If he pulls it, it would destroy all he has gained during this mess.

IMO... The Republicans are trying to push him towards that, because if they have to sign the balanced deal that Obama is proposing it means he is probably guaranteed a 2012 victory. Because he owns the balanced deal, it is his approach to this mess and he has been pushing it over and over, and the message has gotten out to the public.

I'm talking about nuclear bombs. What are you talking about?
 

JABEE

Member
Vestal said:
Nuclear Option im sure is still possible. But it is very very bad politically for the POTUS.
Who cares. It's Congress and the President job to do what I best for the people. Someone has to get this done. If that means looking bad politically so be it. They have a job and they need to do it. Playing political games with this is an insult to the entire country. This is why I hate politics.
 

PantherLotus

Professional Schmuck
Last point before we move on, @wall -- his remarks about compromise actually WERE NOT directed at you as a citizen, they were directed toward a class of future politicians, a class on the art of governing.

New point: holy fucking shit. Time to panic, I think.
 

Anno

Member
I'm not entirely sure that Obama would suffer from invoking his constitutional hail-Mary. Properly messaged I think it continues to make him look like the only adult in a city filled with blathering children.
 

Patrick Klepek

furiously molesting tim burton
Anno said:
I'm not entirely sure that Obama would suffer from invoking his constitutional hail-Mary. Properly messaged I think it continues to make him look like the only adult in a city filled with blathering children.

^^
 

Vestal

Junior Member
JABEE said:
Who cares. It's Congress and the President job to do what I best for the people. Someone has to get this done. If that means looking bad politically so be it. They have a job and they need to do it. Playing political games with this is an insult to the entire country. This is why I hate politics.

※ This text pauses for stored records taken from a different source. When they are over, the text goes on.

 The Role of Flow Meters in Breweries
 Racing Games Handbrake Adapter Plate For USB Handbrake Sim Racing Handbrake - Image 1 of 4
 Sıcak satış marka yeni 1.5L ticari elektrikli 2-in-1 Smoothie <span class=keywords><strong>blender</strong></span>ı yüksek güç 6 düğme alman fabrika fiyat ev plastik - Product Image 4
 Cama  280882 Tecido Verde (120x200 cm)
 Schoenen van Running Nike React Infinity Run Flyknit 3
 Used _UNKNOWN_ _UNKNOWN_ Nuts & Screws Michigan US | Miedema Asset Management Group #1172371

Yes he might have to do it.. He will probably do it if the Teafuckers get their way, but like he said even if the Ceiling is raised it would still cause difficulty with US credit.
 
A boom in corporate profits, a bust in jobs, wages

WASHINGTON — Strong second-quarter earnings from McDonald's, General Electric and Caterpillar on Friday are just the latest proof that booming profits have allowed Corporate America to leave the Great Recession far behind.

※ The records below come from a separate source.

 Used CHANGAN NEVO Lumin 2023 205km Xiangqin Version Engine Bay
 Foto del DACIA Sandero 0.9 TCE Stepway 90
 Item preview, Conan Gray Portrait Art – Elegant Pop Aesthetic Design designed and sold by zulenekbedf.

But millions of ordinary Americans are stranded in a labor market that looks like it's still in recession. Unemployment is stuck at 9.2 percent, two years into what economists call a recovery. Job growth has been slow and wages stagnant.
 

Rubenov

Member
I think we should do away with the entire HOuse of Representatives. They are usually a tool of obstruction rather than progress.
 
Vestal said:
BUT BUT those Bush Tax Cuts CREATE JOBS!

I thought this part was interesting if not obvious.

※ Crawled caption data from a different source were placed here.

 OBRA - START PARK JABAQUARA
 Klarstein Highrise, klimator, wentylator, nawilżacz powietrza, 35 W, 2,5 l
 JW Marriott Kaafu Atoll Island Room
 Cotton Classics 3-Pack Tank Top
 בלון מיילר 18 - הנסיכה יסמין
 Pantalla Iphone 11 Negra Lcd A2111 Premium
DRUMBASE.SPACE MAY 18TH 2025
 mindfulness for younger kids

Back in the U.S., companies are squeezing more productivity out of staffs thinned out by layoffs during Great Recession. They don't need to hire. And they don't need to be generous with pay raises; they know their employees have nowhere else to go.
 
Rubenov said:
I think we should do away with the entire HOuse of Representatives. They are usually a tool of obstruction rather than progress.
Wrong house. Republican intransigence is specifically the problem here--the House is not the seriously anti-democratic legislative body.
 
Rubenov said:
I think we should do away with the entire HOuse of Representatives. They are usually a tool of obstruction rather than progress.
as opposed to the senate, where great ideas go to be realized, amirite?
 

Vestal

Junior Member
Seriously how can anyone stand to have a Debate with this man. He is too damn good particularly when he is FUCKING RIGHT..
 

scorcho

testicles on a cold fall morning
very persuasive argument right now by Obama. it's a shame that few news outlets will use it in their nightly recaps.
 

Crisis

Banned
I would be embarrassed to call myself a Republican at this point. Every single House Republican obstructing this needs to be thrown out of office.